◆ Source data
-.-.-

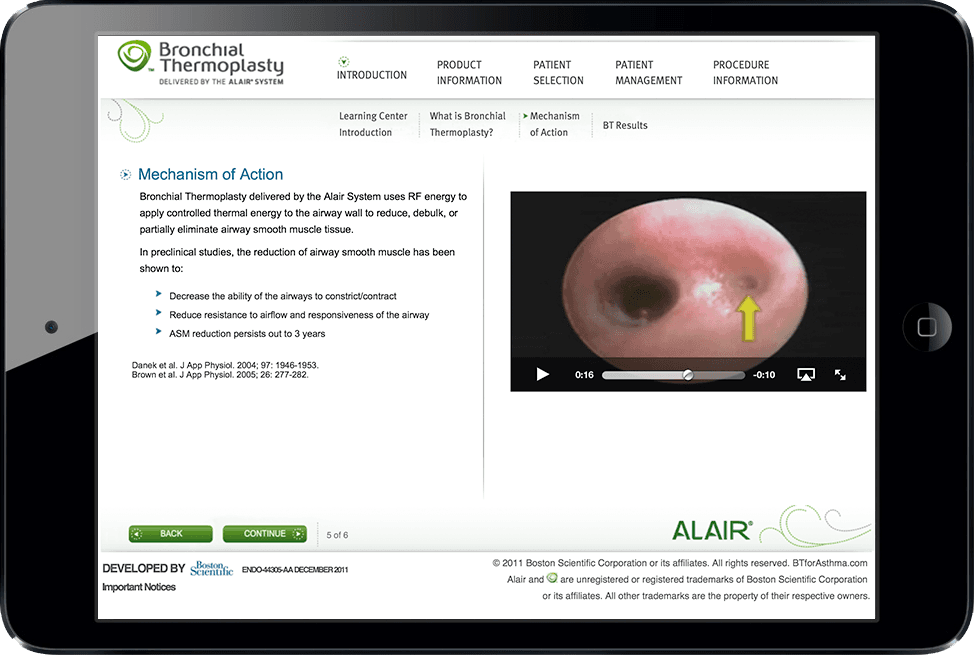 Bronchial Thermoplasty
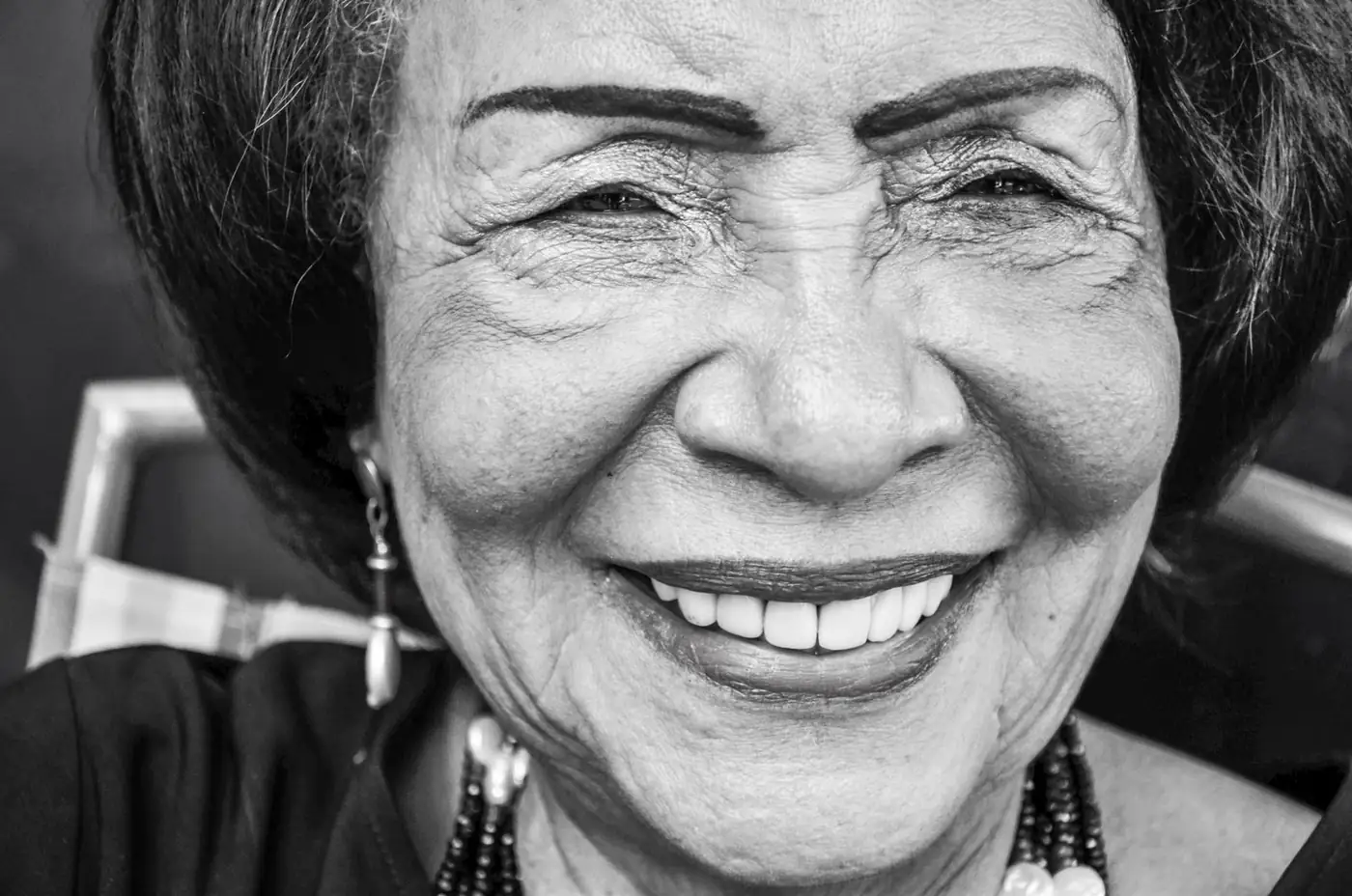 Smiling older woman with visible smile lines running from the sides of her nose to the corners of her mouth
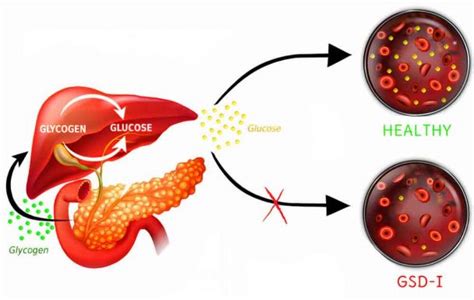 Glycogen Storage Disease Type I GSD I Von Gierke Disease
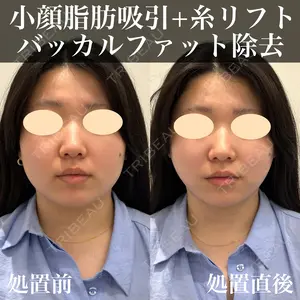30 days after image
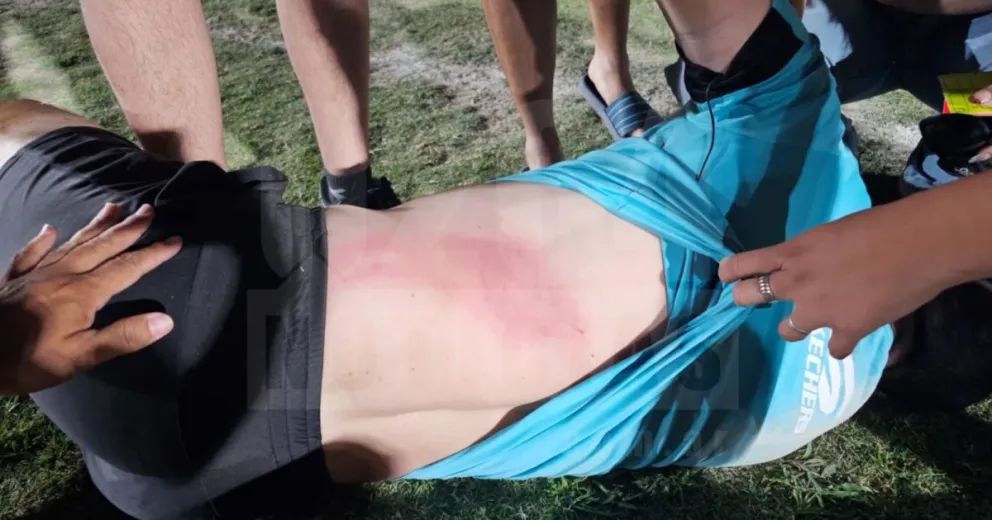 Así quedó el árbitro sanjuanino que fue agredido en un partido de la Liga Universitaria. Foto 0264Noticias.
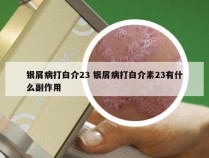 银屑病打白介23 银屑病打白介素23有什么副作用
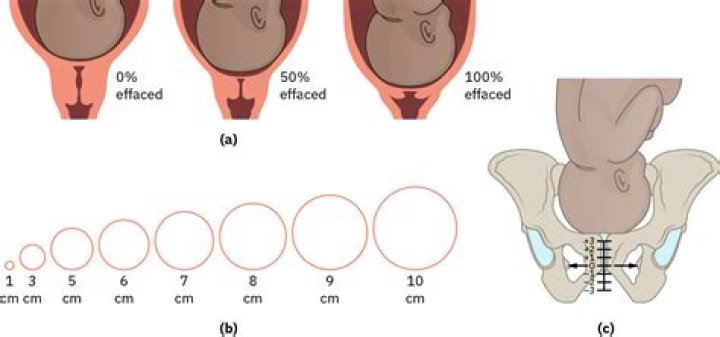 Is 2 cm dilated active labor?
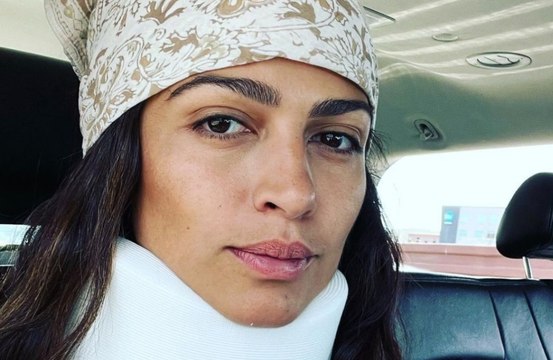 Camila Alves McConaughey: 'A silly fall, turned into not so silly neck situation'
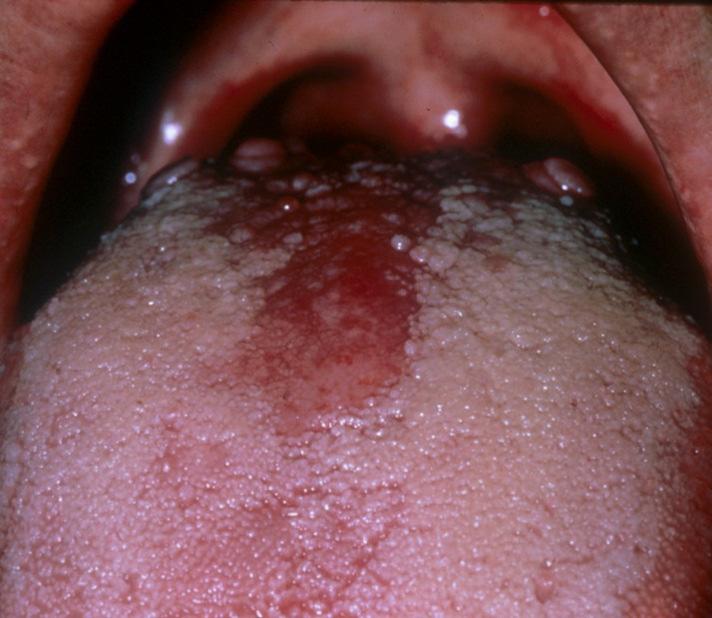 Niacin, nikotinsav, B 3 dehidrogenázok koenzime (NADH) redox folyamatok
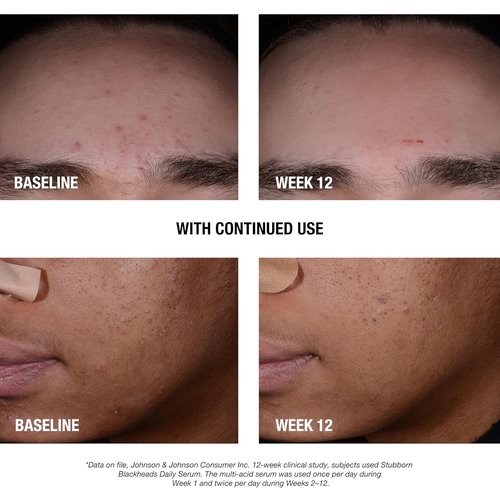 Neutrogena Acne Facial Serum - Oil-Free Formula with Salicylic & Glycolic Acids | 1 fl. oz for Clear Skin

-.-.-

◆ ASSIGNED TASK
When you transcribe these entries, keep every word exact and drop the pictures.

◆ SOLUTION TO THE EXERCISE
 Bronchial Thermoplasty
 Smiling older woman with visible smile lines running from the sides of her nose to the corners of her mouth
 Glycogen Storage Disease Type I GSD I Von Gierke Disease
30 days after image
 Así quedó el árbitro sanjuanino que fue agredido en un partido de la Liga Universitaria. Foto 0264Noticias.
 银屑病打白介23 银屑病打白介素23有什么副作用
 Is 2 cm dilated active labor?
 Camila Alves McConaughey: 'A silly fall, turned into not so silly neck situation'
 Niacin, nikotinsav, B 3 dehidrogenázok koenzime (NADH) redox folyamatok
 Neutrogena Acne Facial Serum - Oil-Free Formula with Salicylic & Glycolic Acids | 1 fl. oz for Clear Skin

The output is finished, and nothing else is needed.